Setup nprobe in collector mode:

  • This is considerably more tricky IMO, I would higly reccomend running the config via the CLI, watching the GUI and confirming it works, before configuring daemon
  • Also, get the "basic" cli command working, then build on it
  • I read through the user guide and picked what I considered the most likely to be used options, but you can do the same!
  • http://www.ntop.org/support/documentation/documentation/

Note: For testing use the CLI version to read the output, make sure its running correctly, then "daemonize" the configs.

The most basic starting point (-V 9 = NetFlow v9 if v5, change accordingly)

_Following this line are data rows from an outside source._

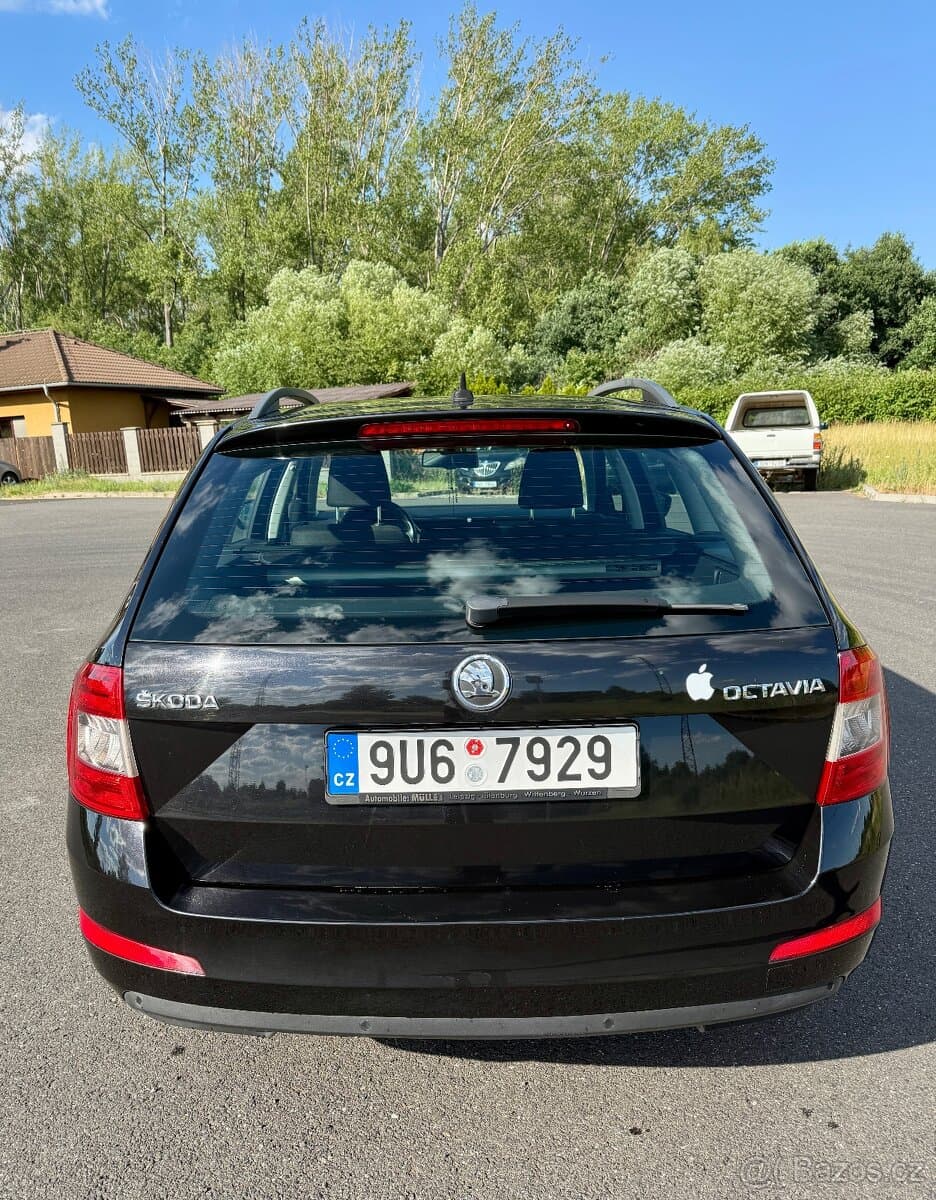 2013 Škoda OCTAVIA - 9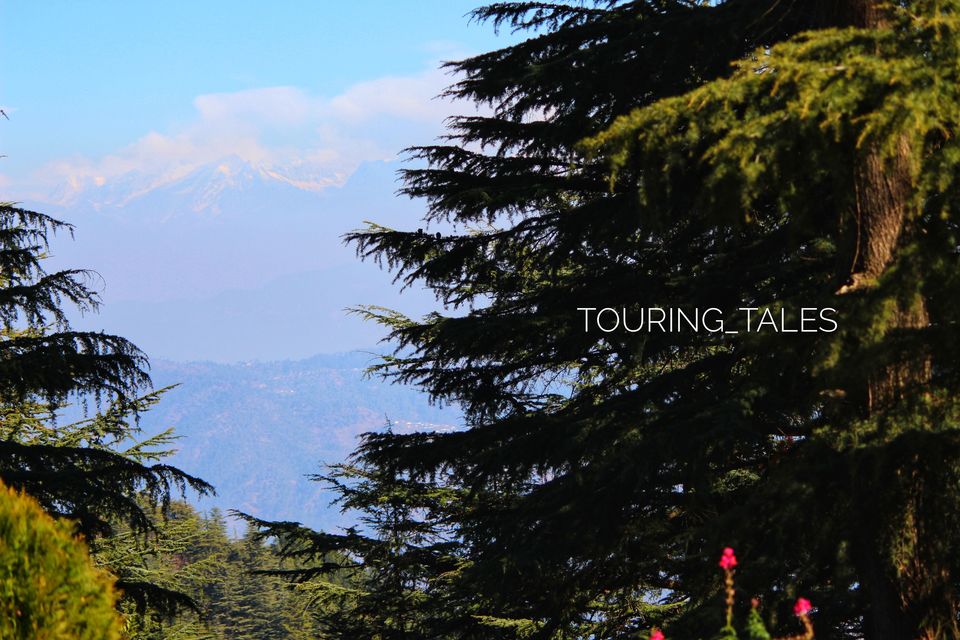 Photo of Travel to Rejuvenate your soul by Touring&tales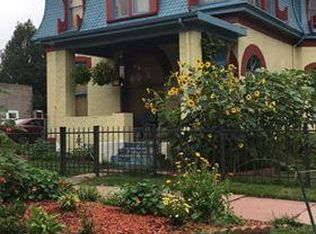 2820 Champa St, Denver, CO 80205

nprobe --zmq "tcp://*:5556" --collector-port 2055 --interface none --collector none --flow-version 9

Once working, you can add on, here are some flags I though might be useful:

[--collector|-n] <host:port|none> 

This specifies the NetFlow collectors addresses to which nProbe will send the flows. If more than
one is specified, they need to be separated with a comma or the --n flag can be repeated several
times (e.g. -n 172.22.3.4:33,172.22.3.4:34 and -n 172.22.3.4:33 --n 172.22.3.4:34 are equivalent).
When multiple collectors are defined, you can control the way flows are exported using the --a
option (see below); if on a collector address the destination port is omitted, flows are sent to 2055
port and whereas if all the option is not specified, by default, flows are sent to the loop back
interface (127.0.0.1) on port 2055. If this parameter is used, nProbe exports flows towards
collector running at 127.0.0.1:2055. By default the UDP protocol is used but also TCP and SCTP
(Linux only when nProbe is compiled with SCTP support and the kernel supports it). In this case
you can specify the collector address as udp://<host>:<port>, tcp://<host>:<port>, and sctp://
<host>:<port>,

 

[--interface|-i] <iface|pcap>

It specifies the interface from which packets are captured. If -i is not used, nProbe will use the
default interface (if any). In case a user needs to activate nProbe on two different interfaces, then
he/she needs to activate multiple nProbe instances once per interface. For debugging purposes it
is possible to pass nProbe a .pcap file from which packets will be read. If nProbe is compiled and
activated with PF_RING support, you can specify multiple interfaces from which packets are
captured. Example “-i eth0,eth1”

[--daemon-mode|-G] 			| Start as daemon. 
--add-pid-to-logfile 			| Append the nprobe PID to dump files to avoid file overwrite in case multiple probes dump onto the same directory
--add-engineid-to-logfile 		| Append the defined NetFlow engineId to dump files
--enable-ipv4-deduplication     	| By default IPv4 frames hw-duplicated are not detected and discarded. Use this option to enable IPv4 hw-deduplication 
[--no-ipv6|-W] 				| IPv6 packets will not be accounted. 
[--netflow-engine|-E] <type:id> 	| Specify the engine type and id. The format is engineType:engineId. [default=0:18] where engineId is a random number.
[--sender-address|-q] <host:port>       | Specifies the address:port of the flow sender. This option is useful for hosts with multiple interfaces or if flows must be emitted from a static port/IP.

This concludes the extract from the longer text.